Forum Moderators: open

Message Too Old, No Replies

Was looking for info on a certain UA, found this.

"Our API handles rotating proxies and headless browsers for you"

         

SumGuy

10:26 pm on Jun 12, 2023 (gmt 0)

5+ Year Member Top Contributors Of The Month



I stumbled across this while looking for a site that would tell me if a certain UA was legit.

www zenrows com /blog/user-agent-web-scraping

The following might be useful for some here that key in on the UA (and to know that outfits like this exist):

==============
Beware that using a wrongly formed user agent will get your data extraction script blocked.

What Are the Best User Agents for Scraping?

We compiled a list of the best user agents for web scraping for emulating a browser and avoid getting blocked:

Mozilla/5.0 (Windows NT 10.0; Win64; x64) AppleWebKit/537.36 (KHTML, like Gecko) Chrome/109.0.0.0 Safari/537.36

Mozilla/5.0 (Macintosh; Intel Mac OS X 10_15_7) AppleWebKit/537.36 (KHTML, like Gecko) Chrome/109.0.0.0 Safari/537.36

Mozilla/5.0 (Windows NT 10.0; Win64; x64) AppleWebKit/537.36 (KHTML, like Gecko) Chrome/108.0.0.0 Safari/537.36

Mozilla/5.0 (Macintosh; Intel Mac OS X 10_15_7) AppleWebKit/537.36 (KHTML, like Gecko) Chrome/108.0.0.0 Safari/537.36

Mozilla/5.0 (X11; Linux x86_64) AppleWebKit/537.36 (KHTML, like Gecko) Chrome/108.0.0.0 Safari/537.36

Mozilla/5.0 (Macintosh; Intel Mac OS X 10_15_7) AppleWebKit/605.1.15 (KHTML, like Gecko) Version/16.1 Safari/605.1.15

Mozilla/5.0 (Macintosh; Intel Mac OS X 13_1) AppleWebKit/605.1.15 (KHTML, like Gecko) Version/16.1 Safari/605.1.15
================

This outfit's main function is:

=================
Frustrated that your web scrapers are blocked once and again?

Our API handles rotating proxies and headless browsers for you.
=================

How nice.
That's why at some point everything comes down to IP blocking.
The UA I was looking for more info on is:

Mozilla/5.0 (Android; Mobile; rv:13.0) Gecko/13.0 Firefox/13.0

tangor

11:55 pm on Jun 12, 2023 (gmt 0)

WebmasterWorld Senior Member 10+ Year Member Top Contributors Of The Month



Pretty sure this kind of stuff is shared around quite frequently.

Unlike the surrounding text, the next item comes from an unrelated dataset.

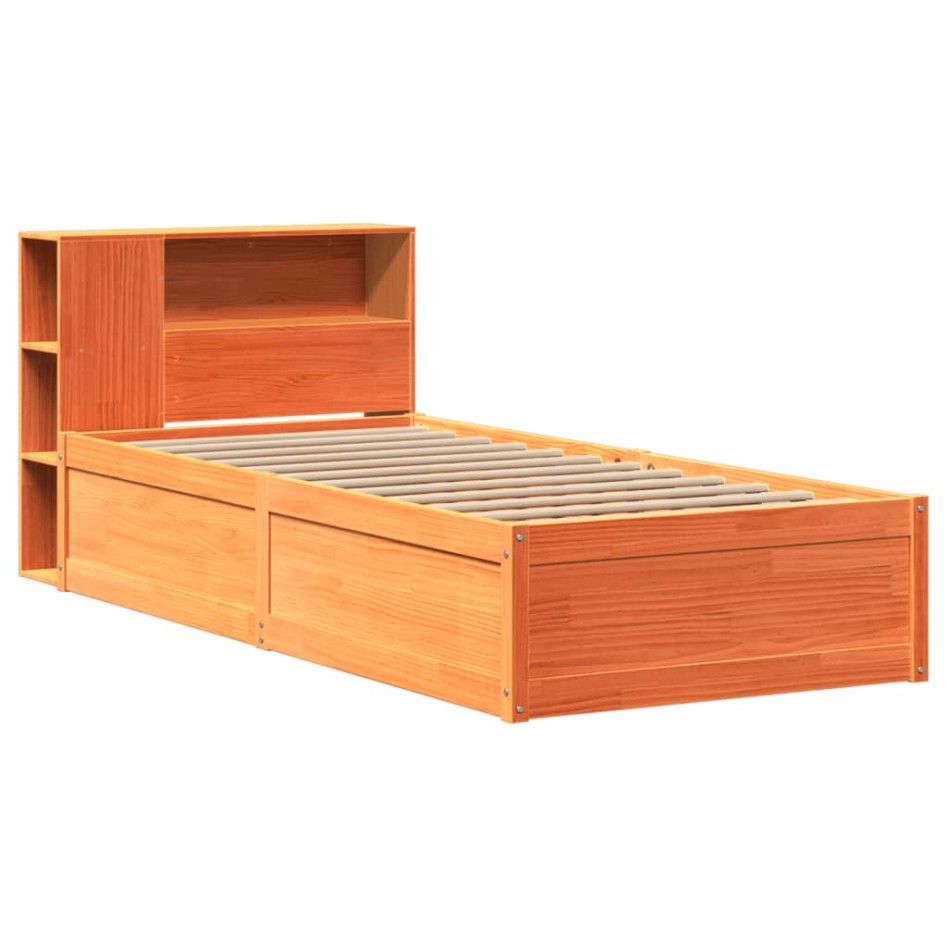 Estructura de cama sin colchón madera maciza marrón 75x190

Sigh.

blend27

12:37 am on Jun 13, 2023 (gmt 0)

WebmasterWorld Senior Member 10+ Year Member Top Contributors Of The Month



Headers, Session Cookies, local(same site) based image at the end of your HTML template invoked by JS, did it load?, next request is CAPTCHA?.

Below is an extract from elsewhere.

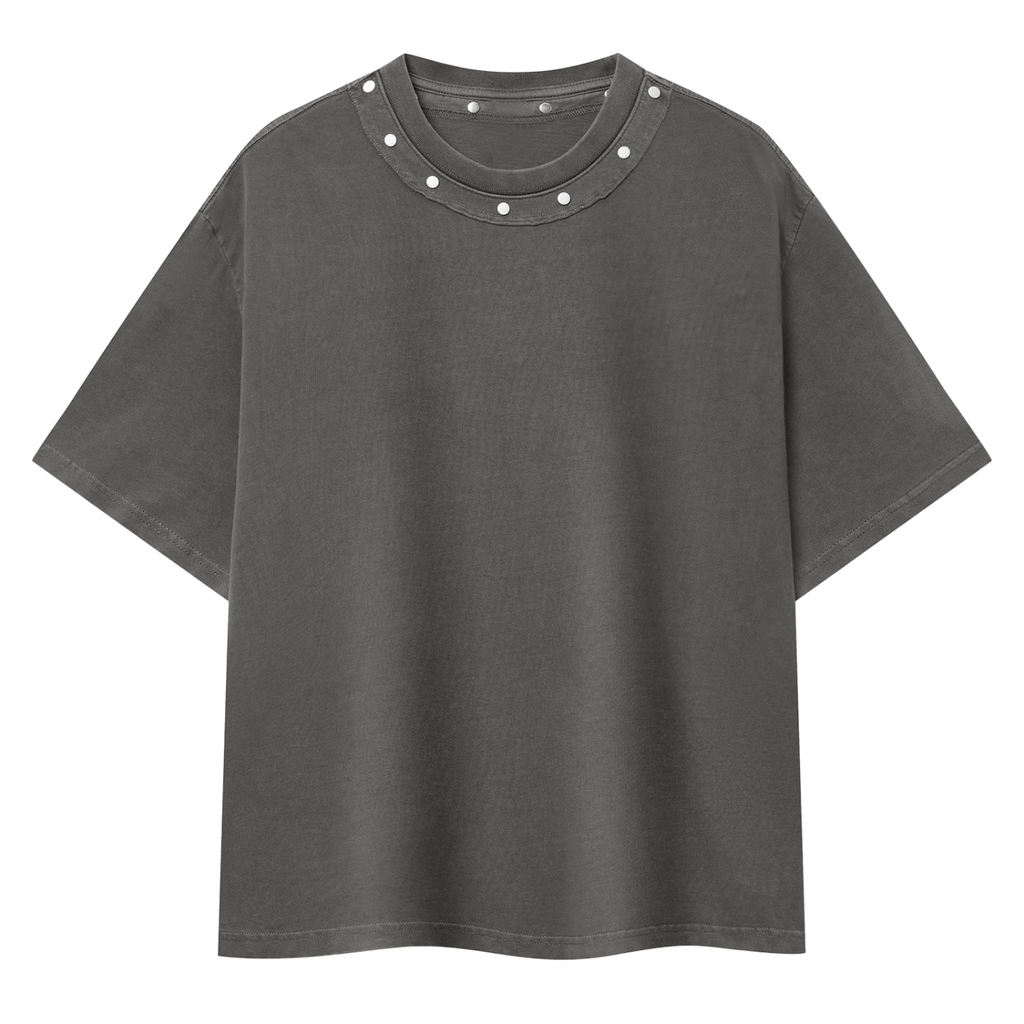 Unisex Washed Boxy Studded T-Shirt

Same session Diff UA? = BLOCK.

No known browsers utilize other methods.

Track your code in the app you build. Header loads image, JS involved, Images served via JS? Go from the top! Load content for Real Browser Visitors only. ?

Don't try to please everybody that has a funky VPN that visits your site.

......and then there are IP Ranges and RDNS...........

PROXY > Funk Proxy or learn that and why that PROXY... code you anti proxy that way...

Your site = Your Rules!

blend27

12:38 am on Jun 13, 2023 (gmt 0)

WebmasterWorld Senior Member 10+ Year Member Top Contributors Of The Month



One can say "Oh this user does not allow Cookies in their Browser" = aha!

= next!

lucy24

12:51 am on Jun 13, 2023 (gmt 0)

WebmasterWorld Senior Member 10+ Year Member Top Contributors Of The Month



The eternal caveat: Are you using an access-control rule (proxies, cookies, scripting) that would get you yourself blocked from your site?